-- Opening Marker --

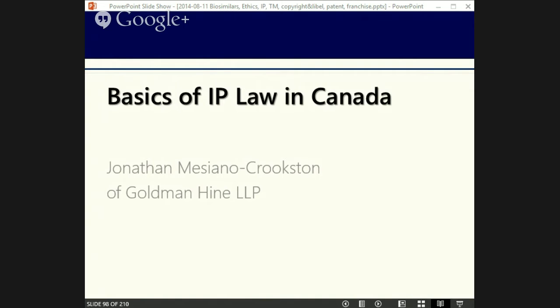Hello, hopefully the levels are okay. I'm going to do a quick run-through. This is my Basics of Intellectual Property Law in Canada. It's a presentation designed to give business people the basics of intellectual property law.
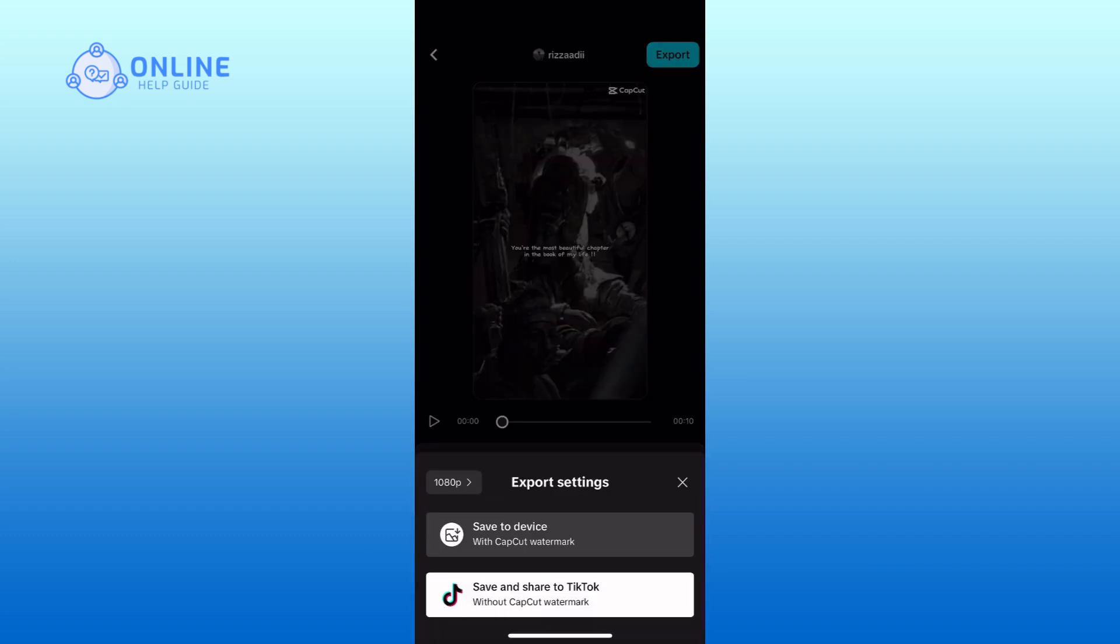Finally, tap on the save and share to TikTok option to save the video without a watermark.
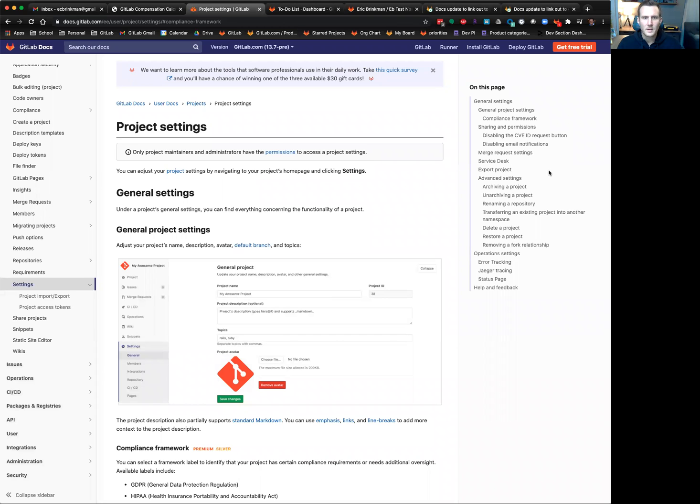Hey everyone, Eric here. I wanted to quickly walk through how to set a compliance framework on your project.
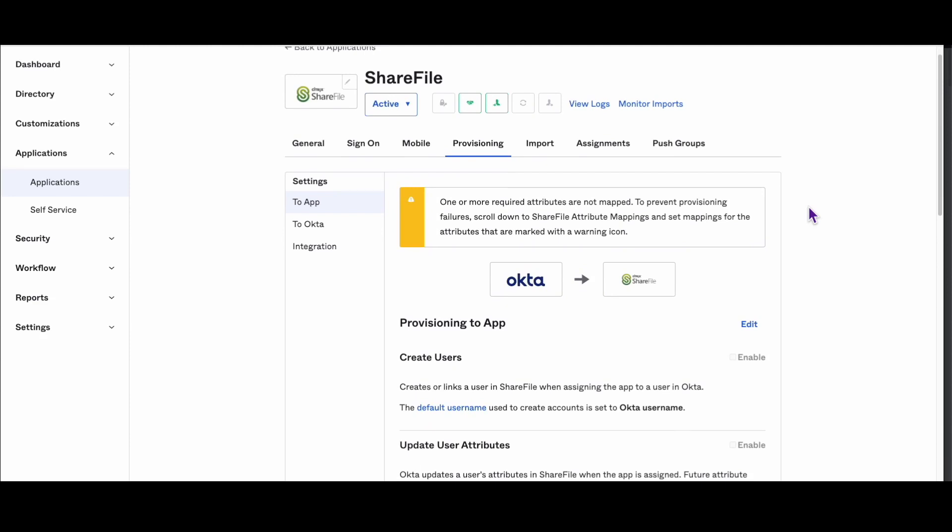That's it for this video on how to configure provisioning for OAuth ShareFile integration. We hope this guide was helpful for you. Don't forget to check back on Okta's support playlist often for more helpful videos. If you have any questions or need further assistance, please don't hesitate to reach out to Okta support.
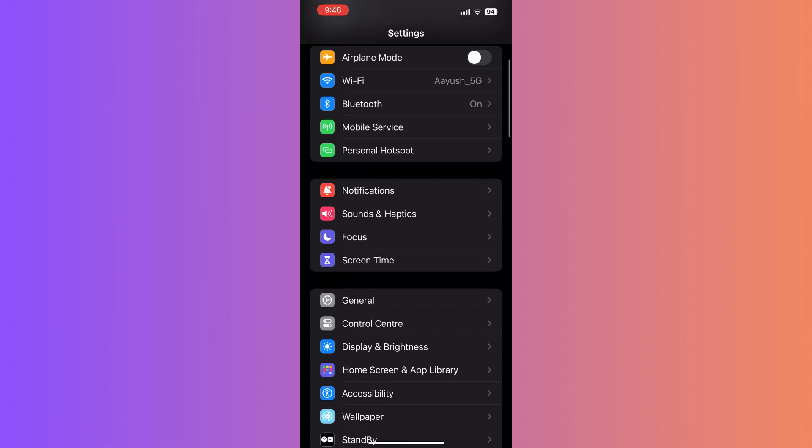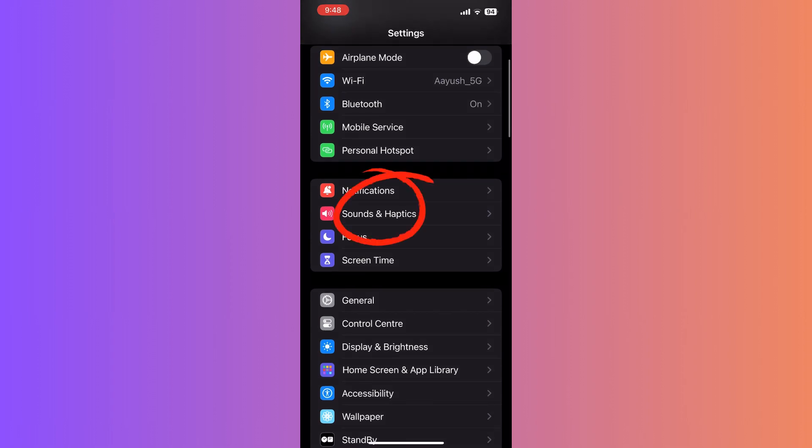scroll down a bit and you'll find an option labeled Sound & Haptics. This is where all the audio-related settings for your iPhone are located. Tap on Sound & Haptics.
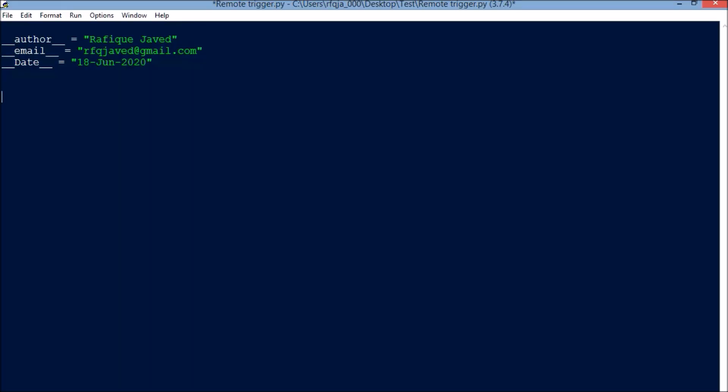Hello guys, welcome to my channel Python Edquire. Today I have brought an interesting session on how we can trigger a remote bat file or exe in remote systems. For this, we need to import a module called WMI. If you don't have this module installed in your system, you can install it using command prompt.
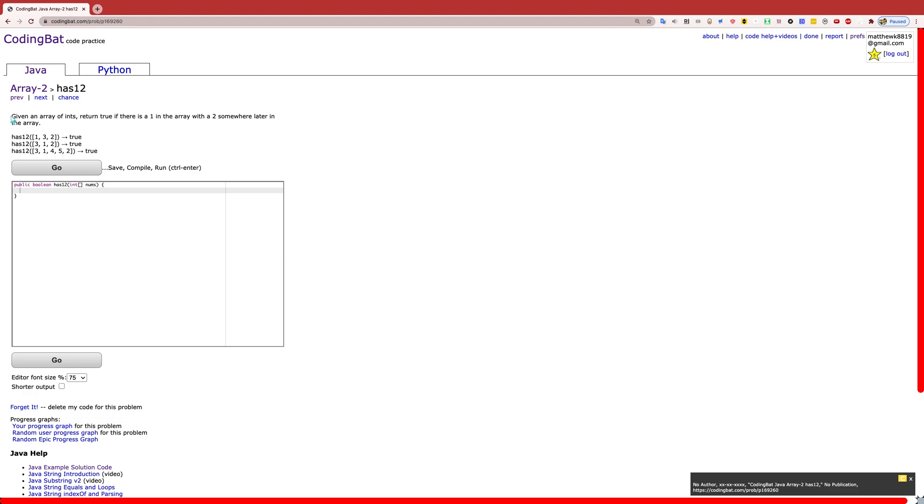The problem states: given an array of ints, return true if there is a 1 in the array with a 2 somewhere later in the array.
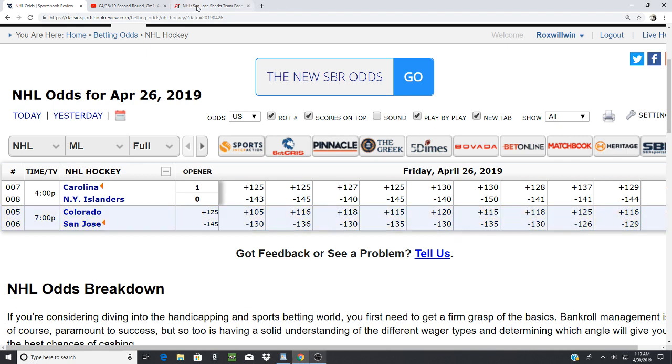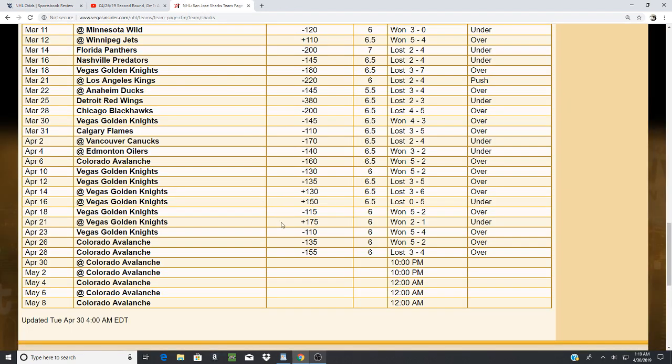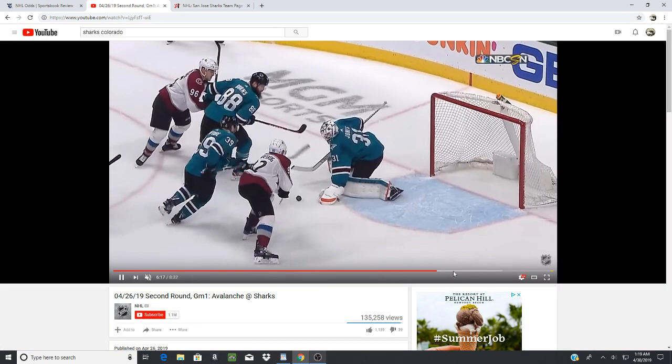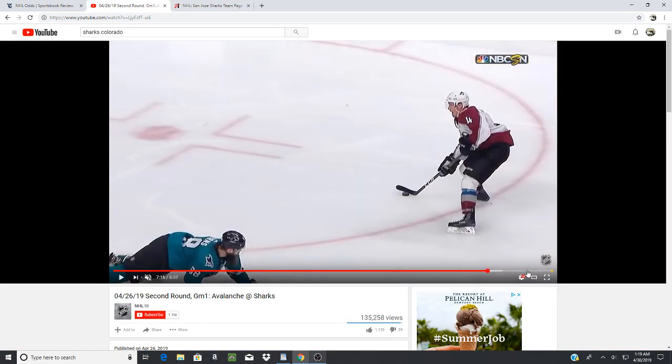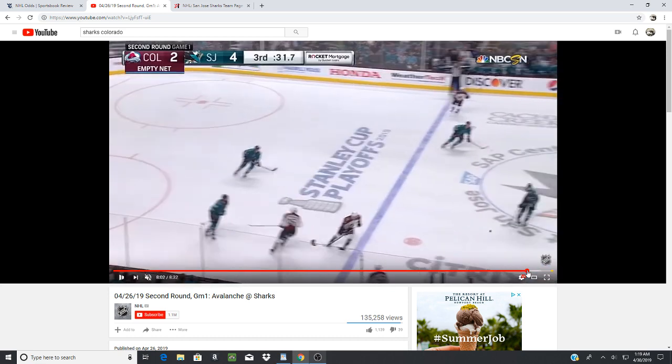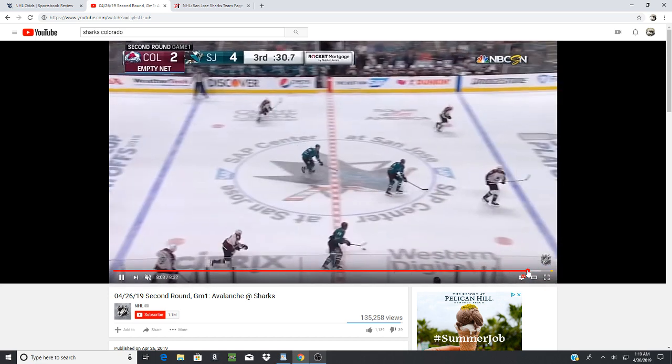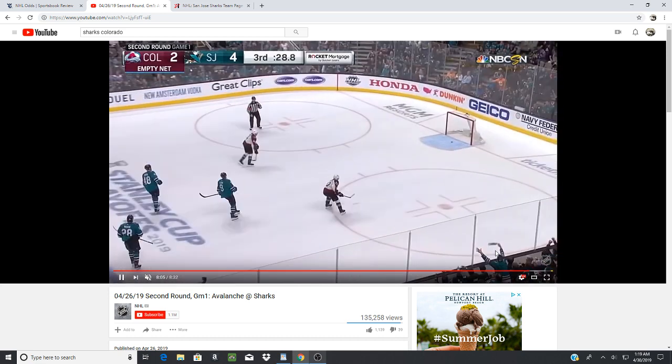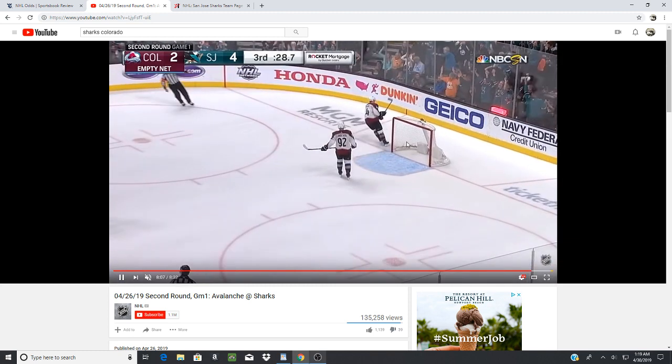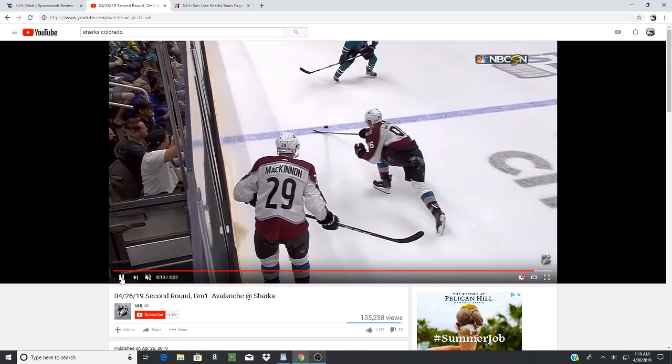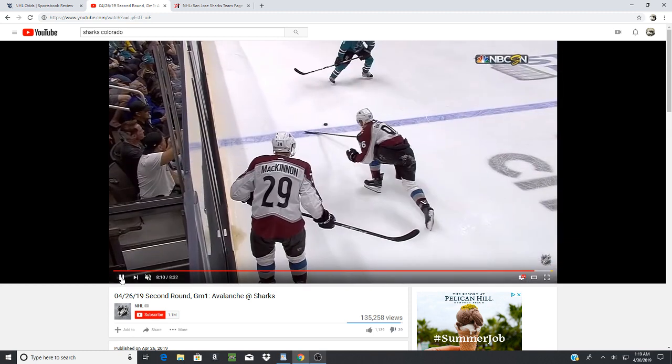All right, so that's why people were so high on this Colorado team. As you see here, this game was not even close. It was 5-2 going into the third, I believe. And then they scored another goal here, which made it 6-2 at the end of the third with an empty net.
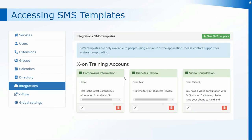Here we can see templates already set up within our SMS template section. These templates can be edited — if you need to change any details within the message that gets sent out, use the Edit button at the bottom of the individual message. There's also a Delete button, so if you need to remove that template from the system you can remove it permanently using the Delete button.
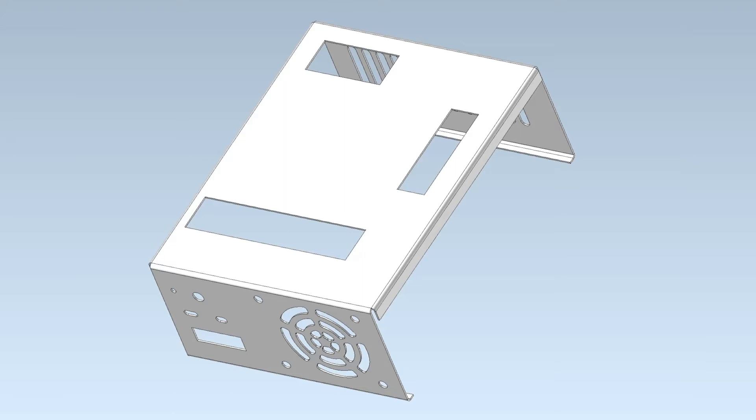CGM Modeler begins the process of unbending and de-featuring the housing by automatically detecting cylindrical bends in the model. This functionality is new in this year's SP1 release.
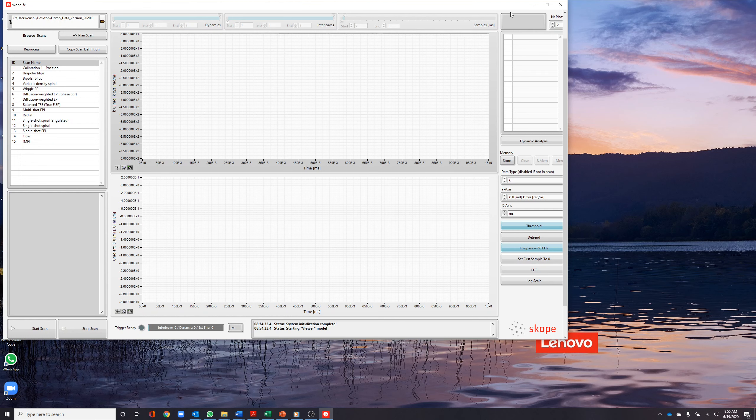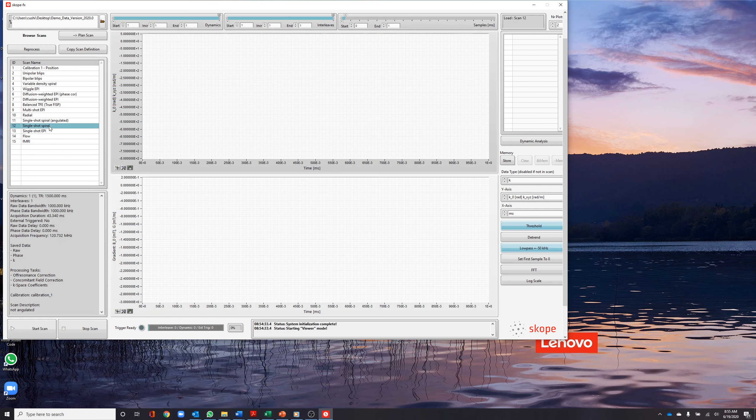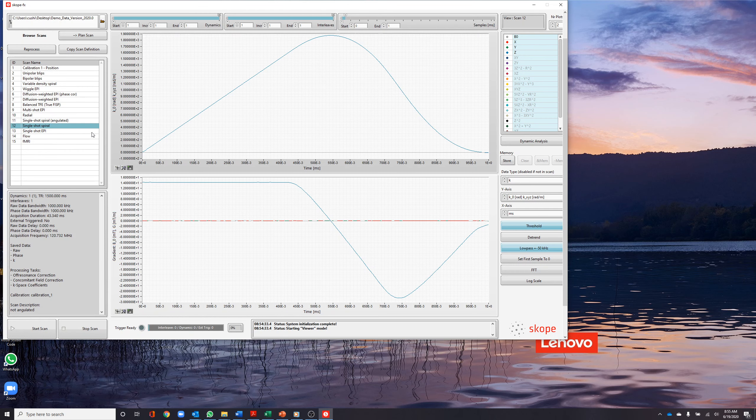For this demonstration, we select a single-shot spiral dataset. The acquisition parameters are displayed below the selection panel.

-- Closing Marker --

* **Task prompt**
Each record must be repeated exactly, and no picture may be carried over.

* **Answer box**
Hello, hopefully the levels are okay. I'm going to do a quick run-through. This is my Basics of Intellectual Property Law in Canada. It's a presentation designed to give business people the basics of intellectual property law.
Finally, tap on the save and share to TikTok option to save the video without a watermark.
Hey everyone, Eric here. I wanted to quickly walk through how to set a compliance framework on your project.
That's it for this video on how to configure provisioning for OAuth ShareFile integration. We hope this guide was helpful for you. Don't forget to check back on Okta's support playlist often for more helpful videos. If you have any questions or need further assistance, please don't hesitate to reach out to Okta support.
scroll down a bit and you'll find an option labeled Sound & Haptics. This is where all the audio-related settings for your iPhone are located. Tap on Sound & Haptics.
Hello guys, welcome to my channel Python Edquire. Today I have brought an interesting session on how we can trigger a remote bat file or exe in remote systems. For this, we need to import a module called WMI. If you don't have this module installed in your system, you can install it using command prompt.
The problem states: given an array of ints, return true if there is a 1 in the array with a 2 somewhere later in the array.
All right, so that's why people were so high on this Colorado team. As you see here, this game was not even close. It was 5-2 going into the third, I believe. And then they scored another goal here, which made it 6-2 at the end of the third with an empty net.
Here we can see templates already set up within our SMS template section. These templates can be edited — if you need to change any details within the message that gets sent out, use the Edit button at the bottom of the individual message. There's also a Delete button, so if you need to remove that template from the system you can remove it permanently using the Delete button.
CGM Modeler begins the process of unbending and de-featuring the housing by automatically detecting cylindrical bends in the model. This functionality is new in this year's SP1 release.
For this demonstration, we select a single-shot spiral dataset. The acquisition parameters are displayed below the selection panel.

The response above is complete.